TASK ITEM: In the entries below, count each line holding the word "Siyah". Answer with the total alone.

*** INPUT DATA ***

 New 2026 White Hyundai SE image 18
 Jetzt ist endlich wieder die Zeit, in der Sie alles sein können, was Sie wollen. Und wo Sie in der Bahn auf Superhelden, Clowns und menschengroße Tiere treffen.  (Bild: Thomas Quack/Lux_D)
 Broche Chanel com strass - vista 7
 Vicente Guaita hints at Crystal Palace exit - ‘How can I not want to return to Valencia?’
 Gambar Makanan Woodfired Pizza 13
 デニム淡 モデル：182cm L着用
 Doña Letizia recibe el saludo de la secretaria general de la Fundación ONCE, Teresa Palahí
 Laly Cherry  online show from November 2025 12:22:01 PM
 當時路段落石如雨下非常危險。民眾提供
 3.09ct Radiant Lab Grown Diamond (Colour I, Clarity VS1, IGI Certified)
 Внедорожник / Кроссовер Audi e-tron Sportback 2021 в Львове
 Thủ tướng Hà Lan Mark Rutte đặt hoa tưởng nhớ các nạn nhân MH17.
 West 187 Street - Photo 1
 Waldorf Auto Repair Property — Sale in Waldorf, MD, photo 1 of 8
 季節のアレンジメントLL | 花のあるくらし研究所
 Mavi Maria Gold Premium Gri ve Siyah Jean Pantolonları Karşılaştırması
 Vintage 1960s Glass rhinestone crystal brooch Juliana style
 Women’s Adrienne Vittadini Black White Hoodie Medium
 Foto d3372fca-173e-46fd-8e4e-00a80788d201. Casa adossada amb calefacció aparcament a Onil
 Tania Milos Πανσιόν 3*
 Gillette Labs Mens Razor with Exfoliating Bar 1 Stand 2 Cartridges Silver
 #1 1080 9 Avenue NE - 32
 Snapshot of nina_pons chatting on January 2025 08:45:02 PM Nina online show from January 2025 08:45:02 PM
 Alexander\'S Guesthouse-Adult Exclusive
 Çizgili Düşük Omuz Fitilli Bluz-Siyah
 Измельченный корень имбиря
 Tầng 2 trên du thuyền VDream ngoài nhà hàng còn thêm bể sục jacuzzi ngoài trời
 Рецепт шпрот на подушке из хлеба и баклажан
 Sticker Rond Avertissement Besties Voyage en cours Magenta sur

***

EXPECTED OUTPUT: 2